Some people have impaired digestion of lactose, resulting in partial or complete loss of intestinal epithelial capacity for the production of lactase enzyme. As a result, drinking normal milk by such people may lead to disorders characterized by flatulence or diarrhea. However, these people may consume moderate amounts of yogurt without the risk of these symptoms appearing.
It is believed that this is related to the presence of lactase enzyme already in yogurt bacteria. This is facilitated by the coagulated form of yoghurt and its consumption, e.g. with bread, because it stays longer in the gastrointestinal tract, thus prolonging the duration of bacterial lactase. Other studies suggest that consumption of yogurt stimulates the body’s immune system. Some studies have also shown the anti-carcinogenic effect of this product.
The benefits of kefir
As for traditional kefir, it also contains microflora, which according to previously accepted criteria does not fit into the concept of probiotic microflora. However, its health-promoting properties, resulting even from the content of bacteriostatic lactic acid, can not be ruled out.

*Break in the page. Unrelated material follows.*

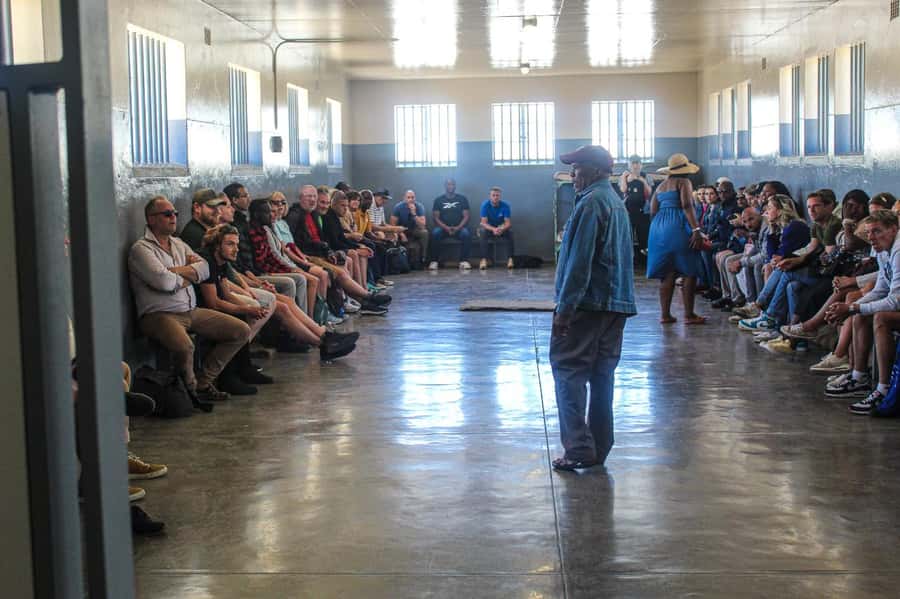 Cape Town: Robben Island ferry ticket plus Guided Tour - Who should book this Robben Island visit?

Perhaps also from the presence of bacteriocins and protein hydrolysates or other biologically active ingredients that stimulate the body.
It should also be added that all fermented milk drinks, irrespective of the microflora used for their production, are an excellent source of exceptionally well-absorbed calcium and high biological value protein, numerous vitamins and many other ingredients.
Although lactic acid bacteria use some vitamins, they synthesize more, and as a result, the profile of vitamins in milky fermented beverages is usually better than in milk.
The conducted research provides ever new information on the beneficial effects of these products on the human body. It has been found, for example, that as a result of protein hydrolysis, peptides may be formed that inhibit an enzyme that converts a substance called angiotensin into the body, which may contribute to the reduction of renin-dependent arterial hypertension.
– maintaining balance in the native intestinal microflora,
– restoring this balance in case of disturbing factors,
– combating infections and other intestinal disorders.